The Court treated the duty to deduct pre‑deposits and deposits as mandatory and non‑derogable.

(b) Section 126(1), Finance Act, 2019, and Rule 6

Section 126(1) requires the designated committee to verify the correctness of the declaration. Rule 6 of the SVLDRS Rules prescribes how this verification is to be done.

Drawing from Code Engineers, the Court emphasised that the central word in Section 126(1) and Rule 6(1) is “verify”, whose meaning, in ordinary and legal dictionaries, is:

  • “to make sure or demonstrate that something is true, accurate or justified” (Concise Oxford Dictionary);
  • “to prove to be true; to confirm or establish the truth or truthfulness of; to authenticate; to confirm or substantiate by oath or affidavit” (Black’s Law Dictionary, 8th Ed.).

5.2 Code Engineers Pvt. Ltd. v. Union of India, 2021 (46) G.S.T.L. 400 (Bom)

This earlier Division Bench decision (Ujjal Bhuyan, J. – as he then was – and Abhay Ahuja, J.) is the principal precedent relied upon. Key principles from Code Engineers as reiterated and applied in Evershine include:

  1. Beneficial and settlement‑oriented nature of SVLDRS:
    The “central focus” of the Scheme is to settle legacy disputes by offering incentives to the declarant, subject to eligibility. Interpretation of its provisions must, therefore, be consistent with this object.
  2. Meaning and scope of “verification” by the designated committee:
    The designated committee’s role is:
    • Neither adjudicatory nor appellate; but
    • Nonetheless substantive – it must verify the correctness of the declaration.
    This verification:
    • Is not confined to the show‑cause notice or Order‑in‑Original; and
    • Must be conducted on the basis of:
      • particulars furnished by the declarant; and
      • records available with the department.
  3. Contextual and purposive interpretation:
    Words and expressions in legislation must take their colour from the context in which they appear. SVLDRS must be read as a whole, keeping in mind its dispute‑settlement focus, rather than narrowly or technically.

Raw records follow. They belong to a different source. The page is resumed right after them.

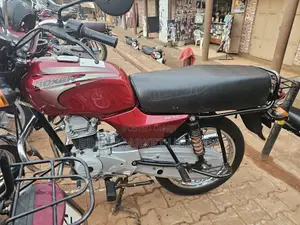 Bajaj Boxer 2023 Red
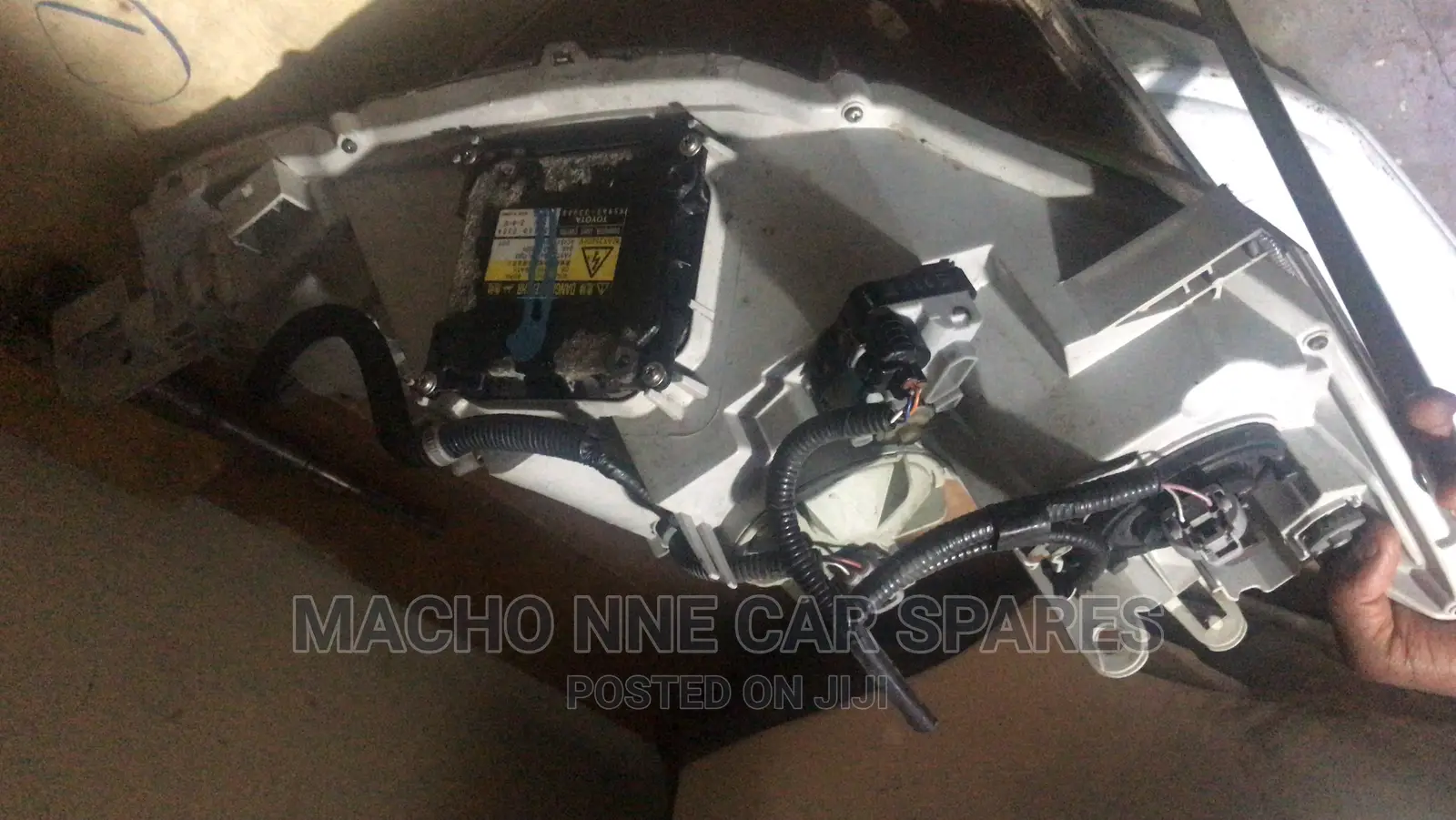 Toyota Allion 260 Xenon Headlight (Black?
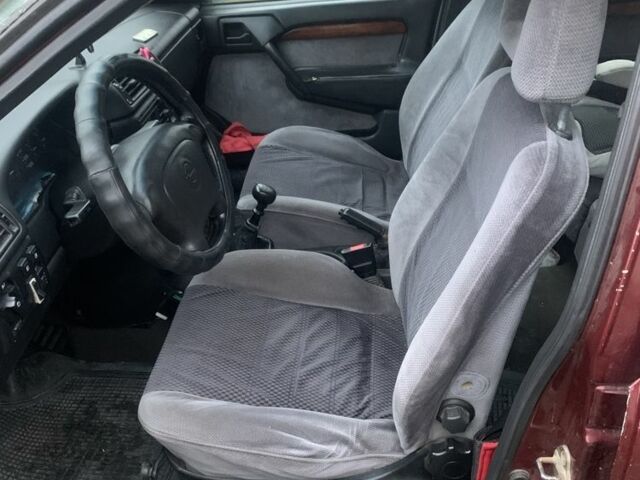 Красный Опель Вектра, объемом двигателя 1.8 л и пробегом 300 тыс. км за 1500 $, фото 21 на Automoto.ua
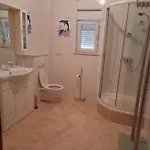Bed & Breakfast Pansion Dovodja Vodice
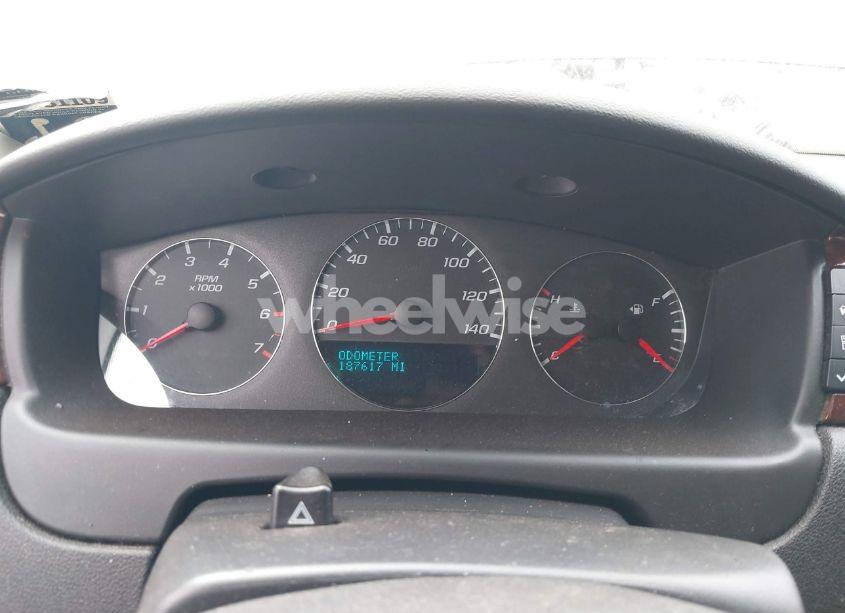 Photo 7 of 2011 Chevrolet Impala LTZ (VIN 2G1WC5EM5B1165987)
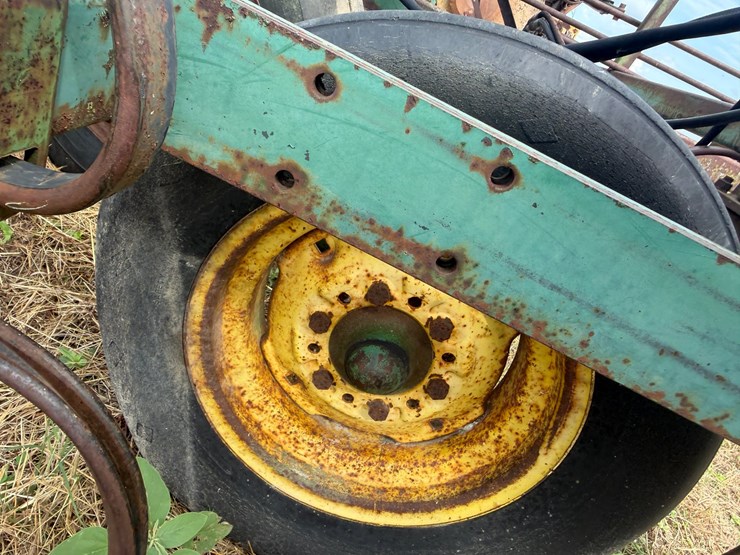 john-deere-1010-image-7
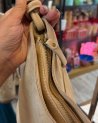 Sac seau en nubuck avec des longues franges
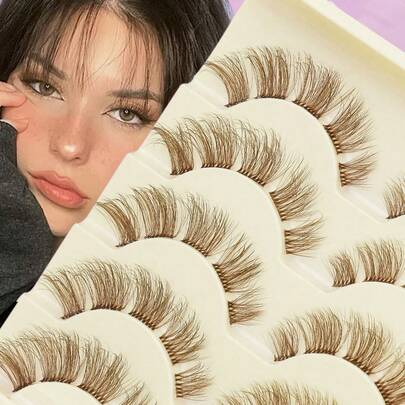  AYRMILLA5 纤细的棕色自然假睫毛，佩戴舒适，易于佩戴。棕色假睫毛颜色更接近真睫毛，是打造完美自然眼妆的时尚美妆利器。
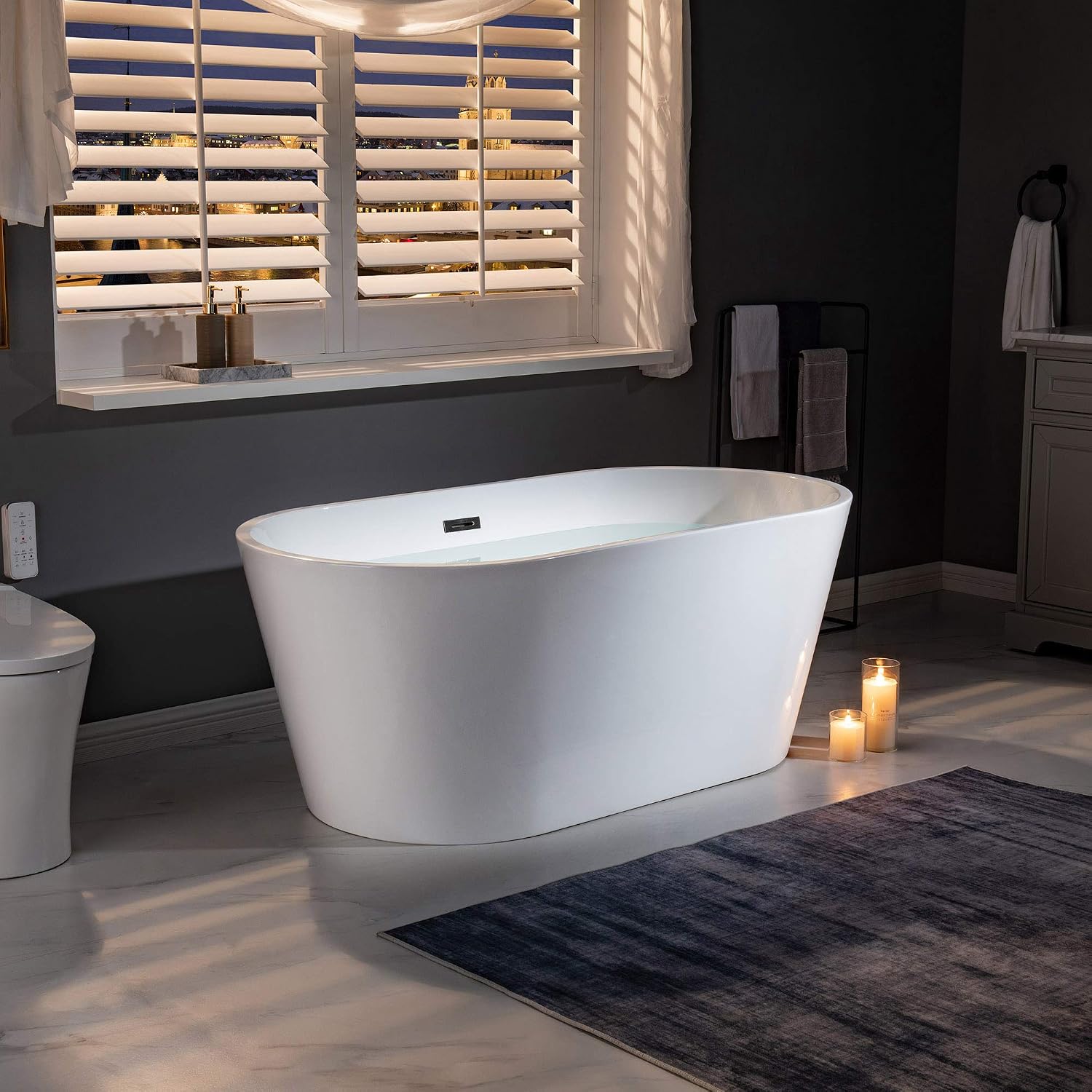 WOODBRIDGE 59' Acrylic Freestanding Bathtub Contemporary Soaking White Tub with Matte Black Overflow and Drain，B0014-MB-Drain &O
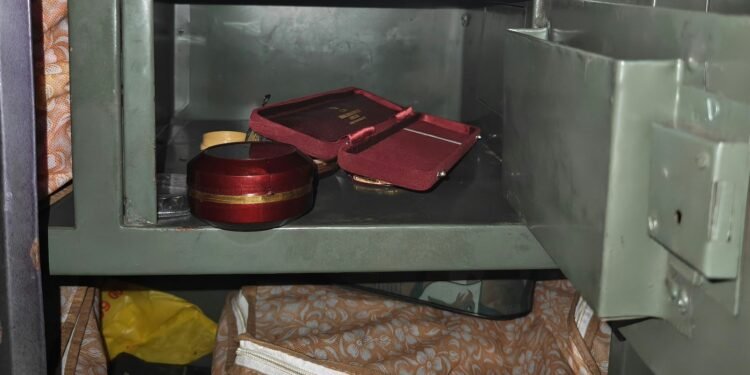 Jamshedpur theft : एमजीएम थाना क्षेत्र में मेला घूमने गया था पूरा परिवार, चोरों ने घर से लाखों के आभूषण उड़ाये Jamshedpur theft : एमजीएम थाना क्षेत्र में मेला घूमने गया था पूरा परिवार, चोरों ने घर से लाखों के आभूषण उड़ाये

Evershine does not create a new principle independent of Code Engineers, but it applies that precedent to a specific, factually rich situation where:

  • the department’s own show‑cause notice acknowledged recoveries, and
  • the assessee had produced challans within the time windows granted by the department itself.

6. Court’s Legal Reasoning

6.1 Failure to Verify Challans and Departmental Records

The Bench noted (paras 15–18, 21, 26) that:

  • The Petitioner had, on 9 December 2019 and 16 December 2019, produced challans purporting to show payments made as service tax/pre‑deposit/recoveries.
  • These documents were submitted:
    • Before the expiry of the Scheme (15 January 2020); and
    • Before the issuance of SVLDRS‑3 (26 December 2019),
    and indeed, within the time period fixed by the department’s own hearing notice dated 11 December 2019.
  • The impugned SVLDRS‑3 did not reflect any consideration of:
    • these challans; or
    • the department’s own earlier acknowledgement in the show‑cause notice that approximately ₹ 80.95 lakhs had been recovered during investigation.

The Court accepted that the department was entitled to scrutinise and verify the challans and was not bound to accept them at face value. However, it underlined that:

  • The department could not simply ignore such documents.
  • It had a duty to examine and verify whether the challans established pre‑deposits or investigation recoveries.
  • If they did, Section 124(2) would require such amounts to be deducted when issuing SVLDRS‑3.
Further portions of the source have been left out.